Тем самым бунт доказывает, что он есть движение самой жизни и что его нельзя отрицать, не отвергая самой жизни. Его призыв каждый раз заставляет подняться какое-то живое существо. Следовательно, бунт есть любовь и плодородие, или это не бунт. Революция без чести, революция расчета, отдающая предпочтение абстрактному человеку перед человеком из плоти и крови, отрицает бытие столько раз, сколько ей это необходимо, и ставит на место любви озлобленность. Как только бунт, забыв о своих благородных корнях, поддается этому заражению, он начинает отрицать жизнь, стремится к разрушению и поднимает когорту жалких хихикающих мятежников, будущих рабов, которые сегодня на всех рынках Европы предлагают себя в услужение кому угодно. В этот момент он перестает быть бунтом и революцией и превращается в злобу и тиранию. И вот, когда революция во имя власти и истории становится смертоносной и не ведающей меры механикой, поднимается новый священный бунт во имя меры и жизни. Мы сейчас подошли к этому краю. На рубеже сумеречного мира неизбежно появление света - мы уже предугадываем его и просто должны бороться, чтобы он зажегся. По ту сторону нигилизма, посреди руин, мы все готовим возрождение. Только мало кто об этом знает.

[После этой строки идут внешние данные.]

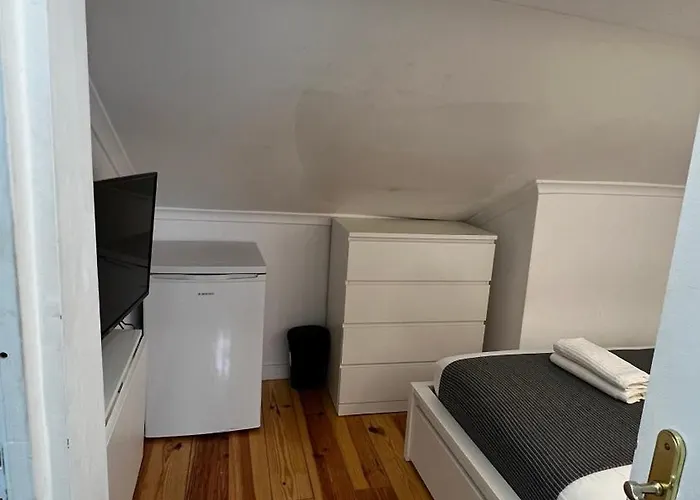 Bernardim Ribeiro - 5ª Andar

Но уже сейчас бунт, не претендуя на решение всех задач, может, по крайней мере, оказывать сопротивление. И уже сейчас на само движение истории струится полдень. Вокруг этого всепожирающего костра какое-то время мельтешат тени воинов, но затем они исчезают и приходят слепцы, которые, трогая свои веки, кричат, что это и есть история. Люди Европы, отданные во власть теням, отвернулись от незыблемого источника света. Они забывают о настоящем ради будущего, о живых жертвах ради призрачной власти, о нищете предместий ради сияющего града, о каждодневной несправедливости ради истинной земли обетованной. Они не верят в свободу личности и мечтают о странной свободе вида; они отвергают смерть в одиночестве и зовут бессмертием величайшую коллективную агонию. Они больше не верят в то, что есть, в мир и в живого человека; секрет Европы в том, что она больше не любит жизнь. Ее слепцы, как дети, поверили, что любовь к одному дню жизни может оправдать века угнетения. Вот почему они захотели стереть радость с доски мира и отложить ее на потом. Нетерпеливое желание достичь предела, отказ от двойственности собственного бытия и отчаяние от осознания себя человеком ввергли их в бесчеловечную чрезмерность. Отрицая подлинное величие жизни, они были вынуждены сделать ставку на свое совершенство. За неимением лучшего, они причислили себя к богам, и тут начались их несчастья: боги оказались с выколотыми глазами. Каляев и его братья со всего мира, напротив, отказываются от божественности, поскольку отвергают безграничную власть убивать. Они подают нам пример, выбирая единственное правило, сегодня сохраняющее свою самобытность: учиться жить и умирать и, чтобы оставаться человеком, отказаться становиться богом.